→ **Material to process**
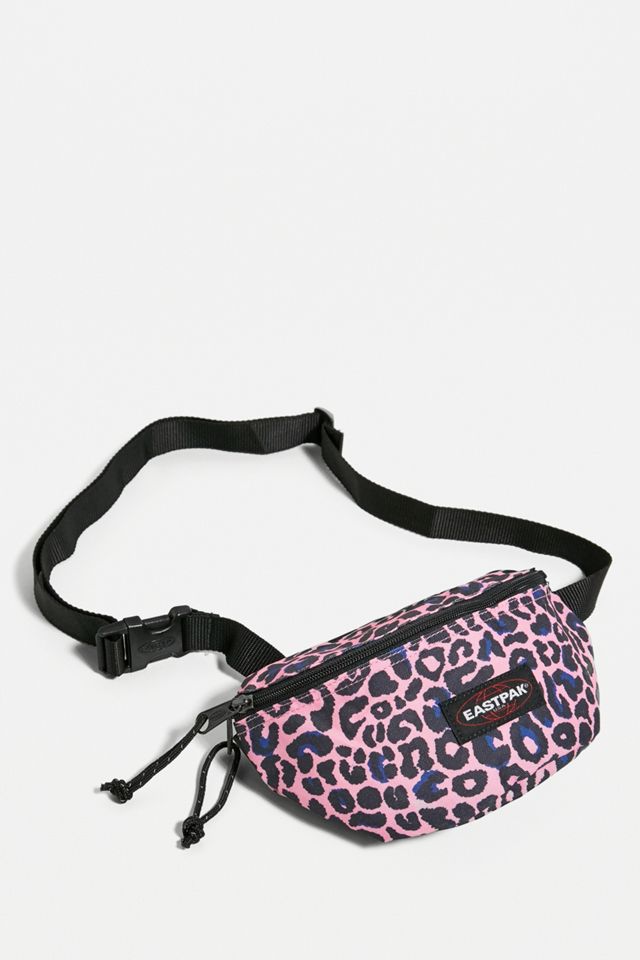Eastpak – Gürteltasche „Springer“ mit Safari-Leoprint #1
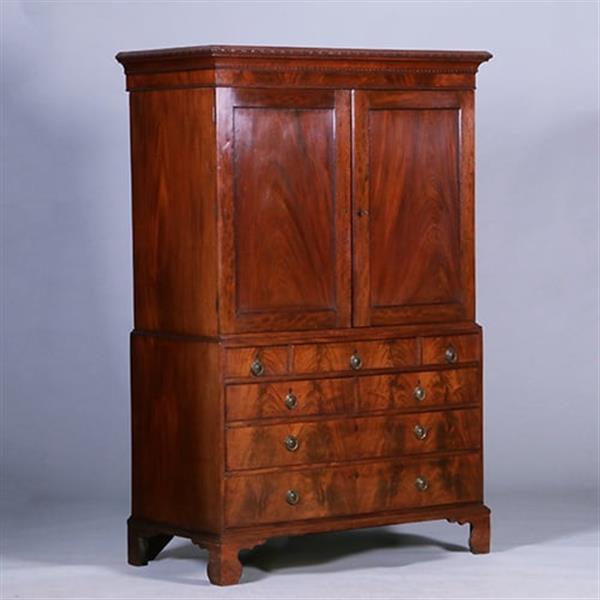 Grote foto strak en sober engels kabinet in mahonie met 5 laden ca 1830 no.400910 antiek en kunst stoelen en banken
---
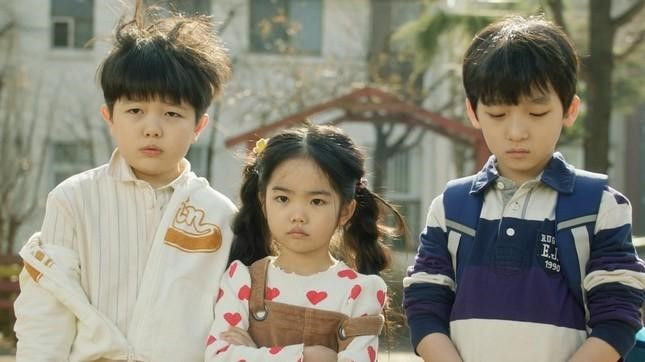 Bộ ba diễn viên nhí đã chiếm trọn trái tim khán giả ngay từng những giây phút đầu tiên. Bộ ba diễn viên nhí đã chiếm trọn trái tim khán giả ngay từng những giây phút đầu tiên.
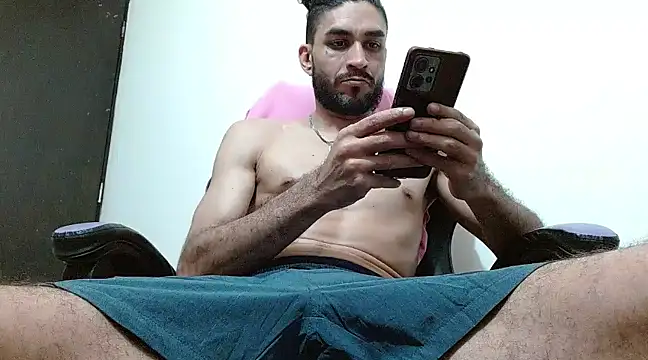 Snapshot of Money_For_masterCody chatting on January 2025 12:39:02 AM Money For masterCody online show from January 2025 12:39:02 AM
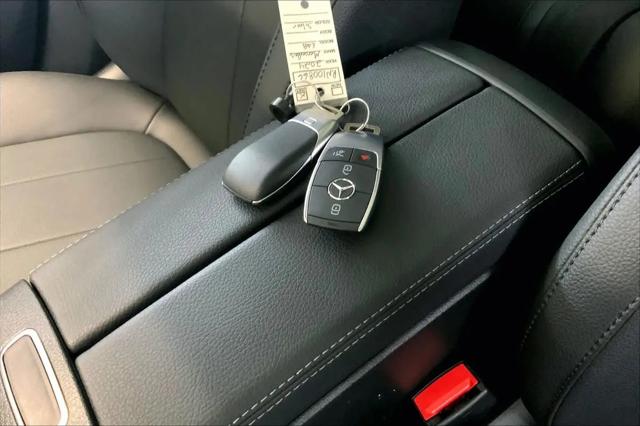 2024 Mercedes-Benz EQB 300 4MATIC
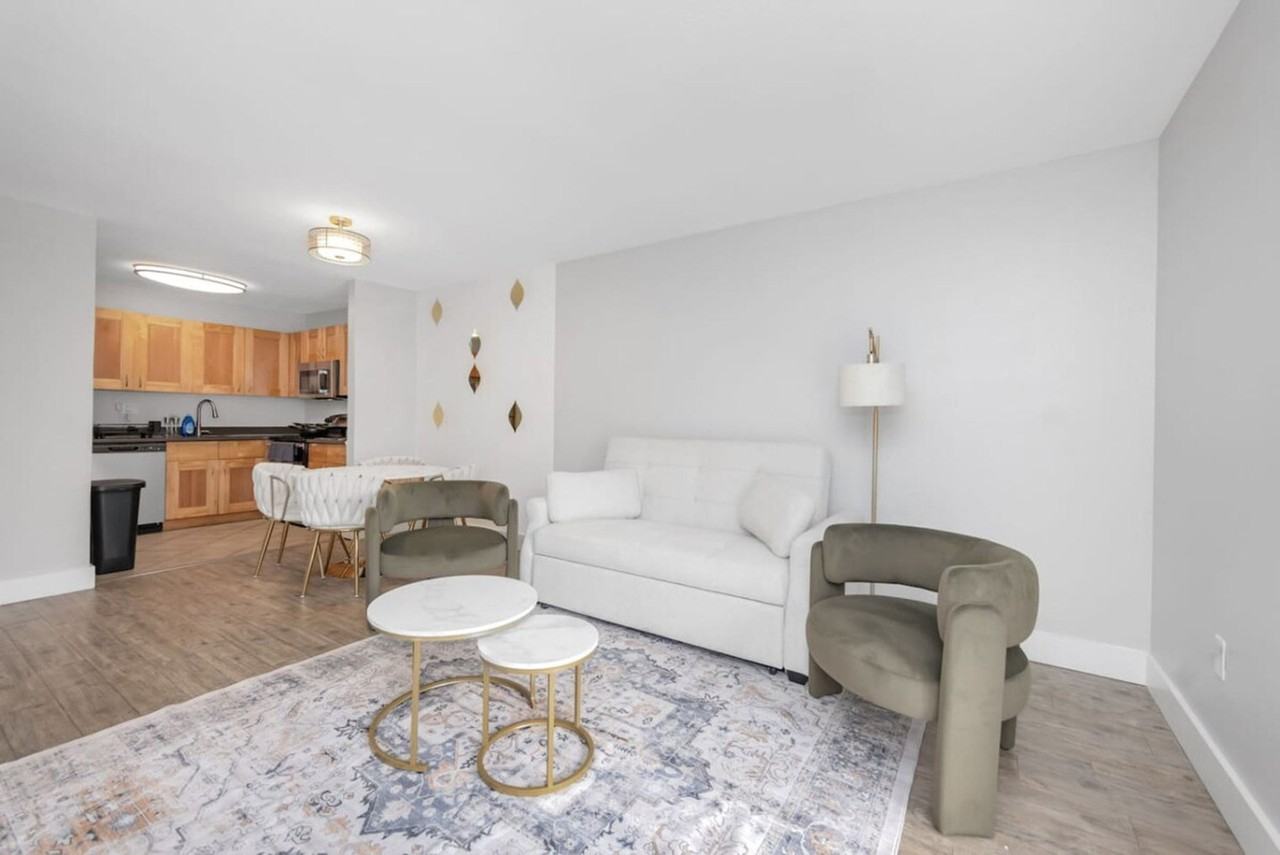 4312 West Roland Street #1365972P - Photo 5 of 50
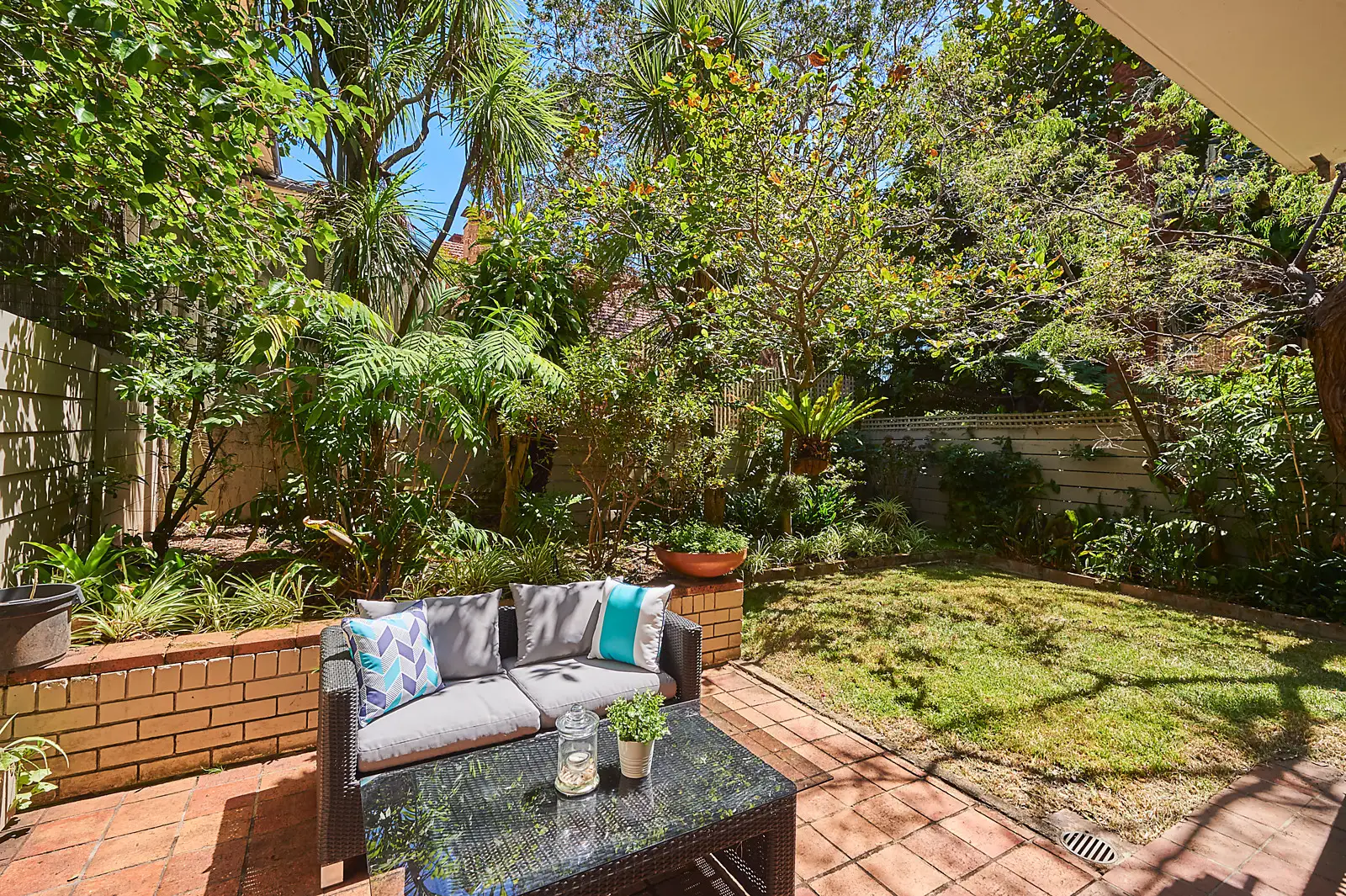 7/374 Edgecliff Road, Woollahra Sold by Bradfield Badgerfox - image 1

→ **Prompt**
Copy the lines above exactly, starting at the one with "Snapshot of Money_For_masterCody" and ending at the one with "7/374 Edgecliff Road, Woollahra", both included. Leave out any pictures and add nothing else.

→ **Answer section**
 Snapshot of Money_For_masterCody chatting on January 2025 12:39:02 AM Money For masterCody online show from January 2025 12:39:02 AM
 2024 Mercedes-Benz EQB 300 4MATIC
 4312 West Roland Street #1365972P - Photo 5 of 50
 7/374 Edgecliff Road, Woollahra Sold by Bradfield Badgerfox - image 1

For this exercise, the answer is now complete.